## MATERIAL SHOWN
■ ■ ■ ■ ■
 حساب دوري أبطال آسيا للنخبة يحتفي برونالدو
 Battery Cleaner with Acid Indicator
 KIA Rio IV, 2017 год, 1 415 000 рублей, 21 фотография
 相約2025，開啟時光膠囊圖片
■ ■ ■ ■ ■
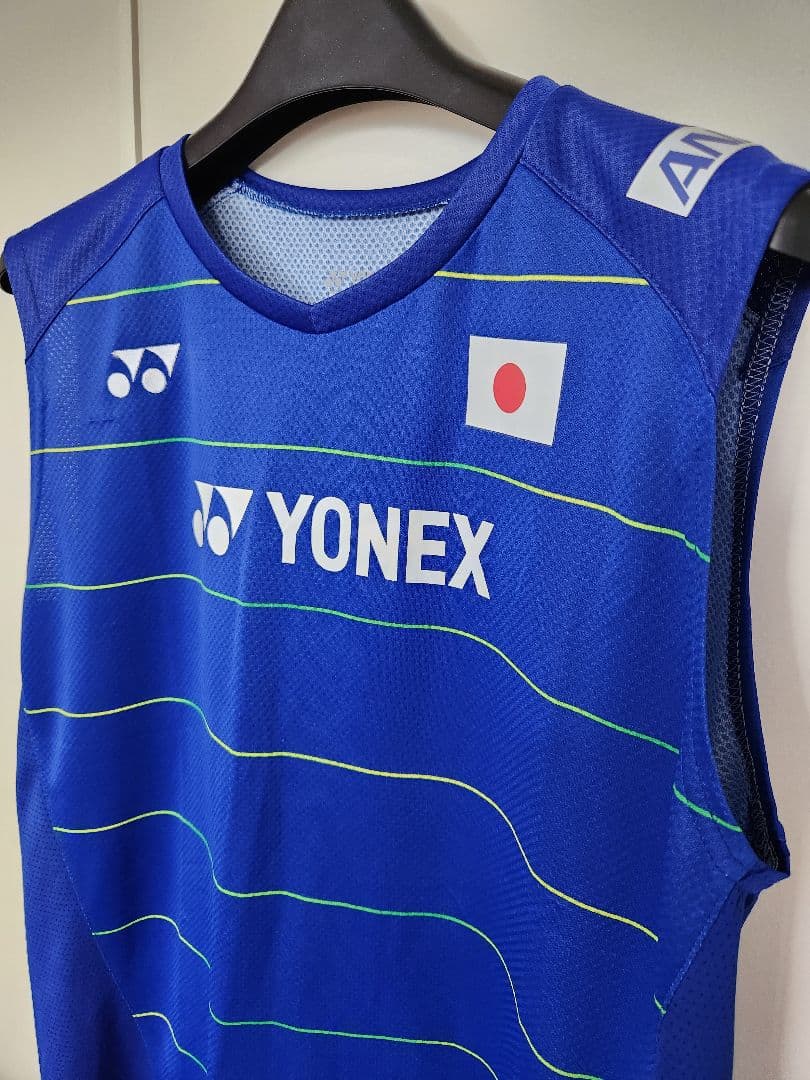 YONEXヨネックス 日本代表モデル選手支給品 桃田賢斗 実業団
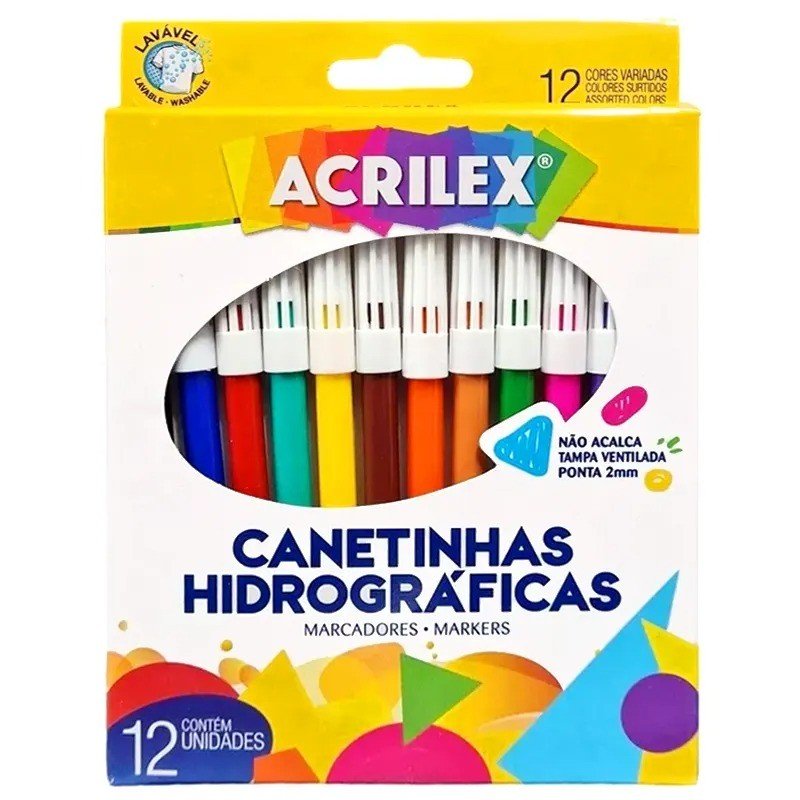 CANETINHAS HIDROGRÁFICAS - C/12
■ ■ ■ ■ ■
What you give back must be the stretch above, starting at the line with "Battery Cleaner with Acid Indicator" and ending at the line with "相約2025，開啟時光膠囊圖片", copied exactly.

 Battery Cleaner with Acid Indicator
 KIA Rio IV, 2017 год, 1 415 000 рублей, 21 фотография
 相約2025，開啟時光膠囊圖片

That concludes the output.